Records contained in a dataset

---+---

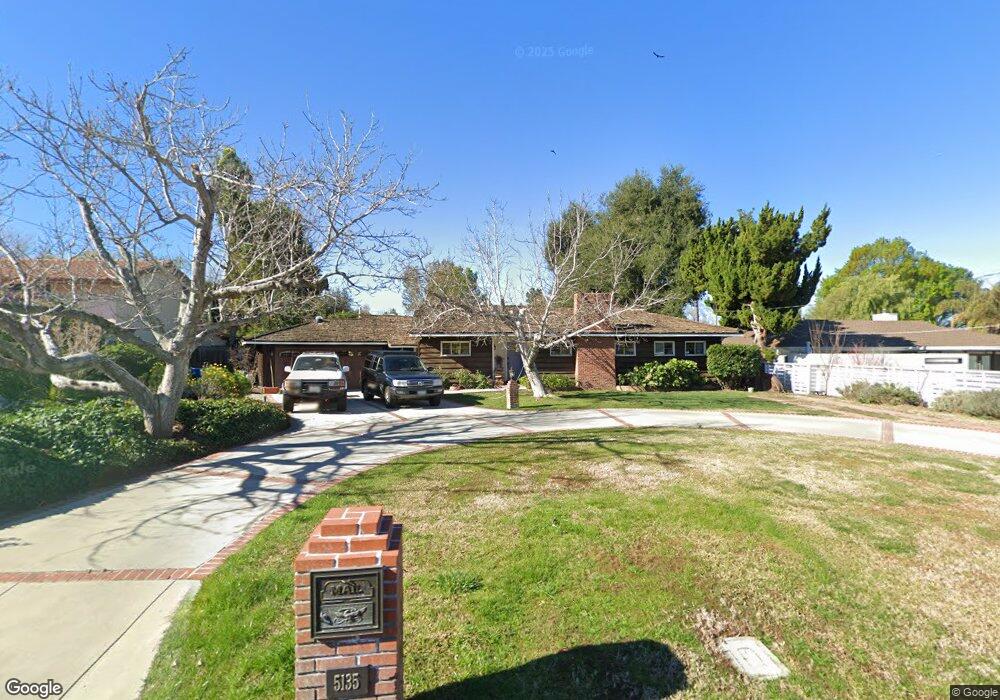 5135 Kelvin Ave, Woodland Hills, CA 91364 - photo 1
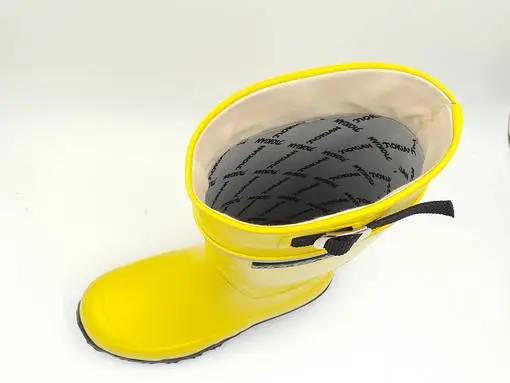 NJ KONTIO CLASSIC Keltainen 6 NJ KONTIO CLASSIC Keltainen - Image 4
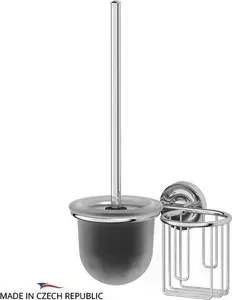 Ершик Ellux Elegance хром (ELE 072)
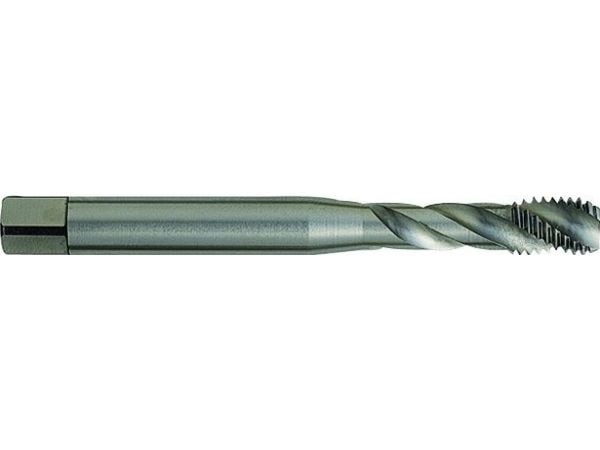 Tivoly maskintappe/spiralboremiddel HSSE DIN 35° FN°10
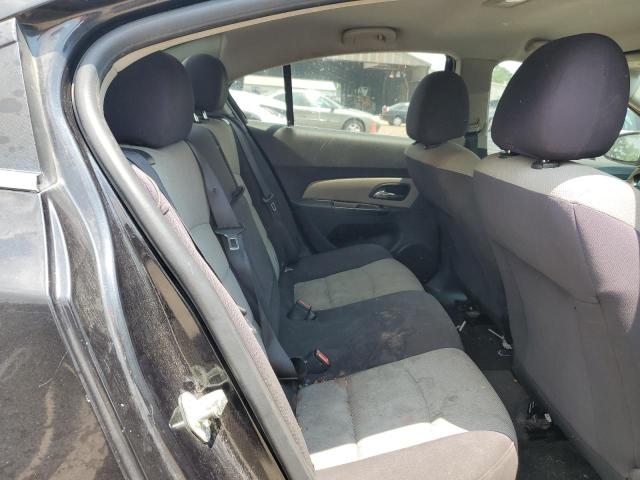 Photo 10 from auction – 2012 CHEVROLET CRUZE LS with VIN 1G1PC5SH8C7375841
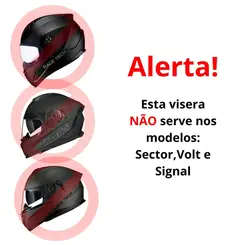 VISEIRA RACETECH HIT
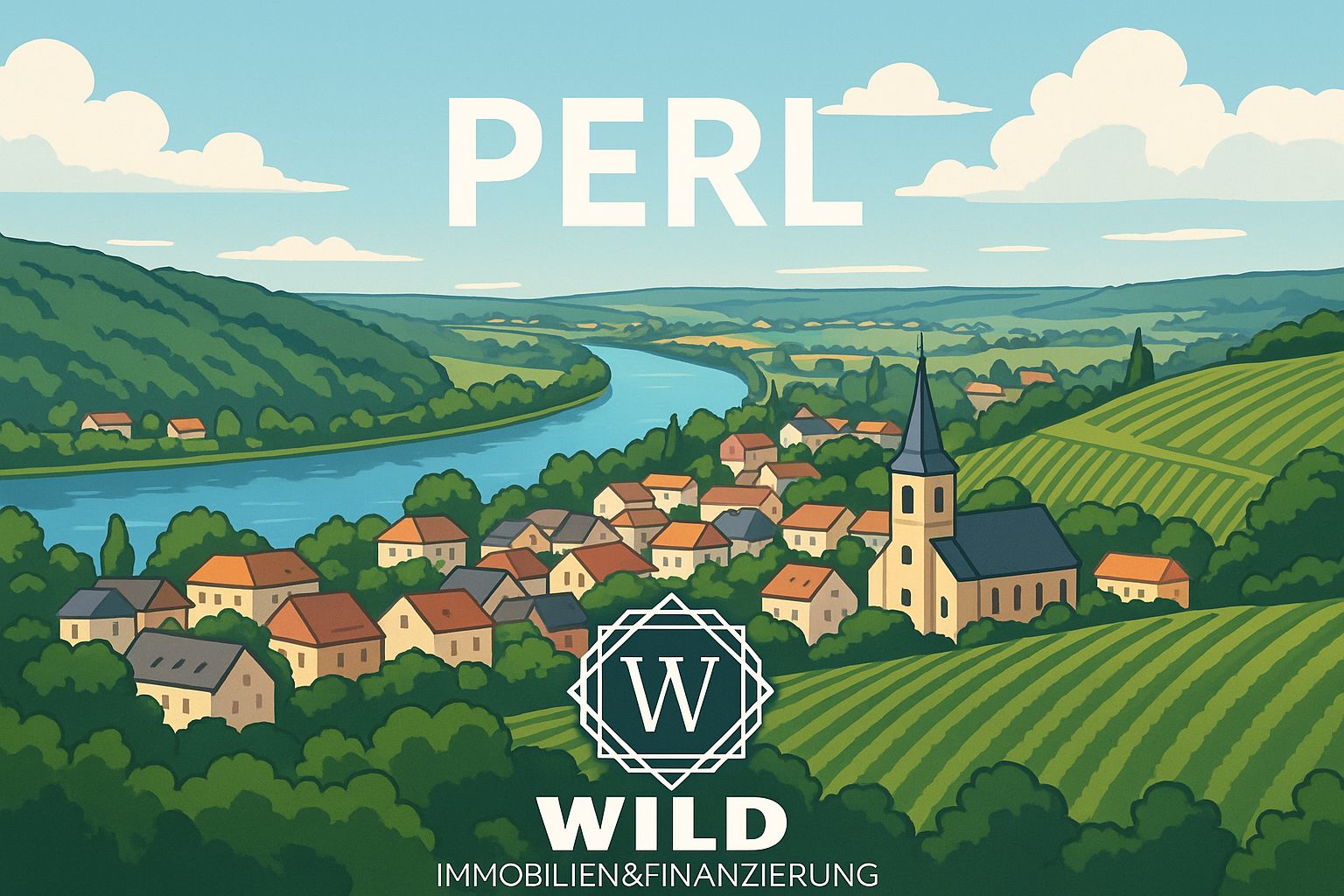Warum jetzt der richtige Zeitpunkt für eine Immobilienbewertung in Perl ist!
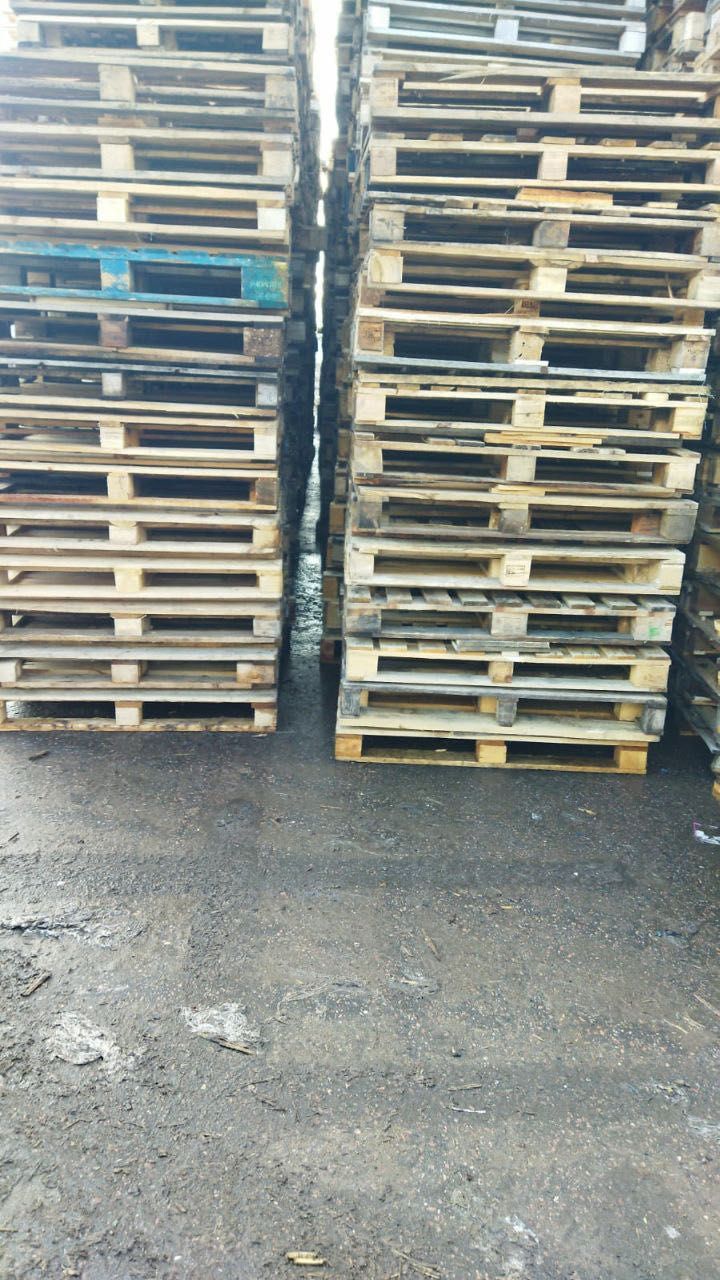 Американка 1200*1000 широкі піддони палети поддоны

---+---

**HOW TO COMPLETE THIS TASK:** Take the entries above and copy exactly the lines starting at the one with "Ершик Ellux Elegance хром (ELE 072)" and ending at the one with "Warum jetzt der"; nothing outside that span, and no pictures.

**RESPONSE TO THIS EXERCISE:**
 Ершик Ellux Elegance хром (ELE 072)
 Tivoly maskintappe/spiralboremiddel HSSE DIN 35° FN°10
 Photo 10 from auction – 2012 CHEVROLET CRUZE LS with VIN 1G1PC5SH8C7375841
 VISEIRA RACETECH HIT
Warum jetzt der richtige Zeitpunkt für eine Immobilienbewertung in Perl ist!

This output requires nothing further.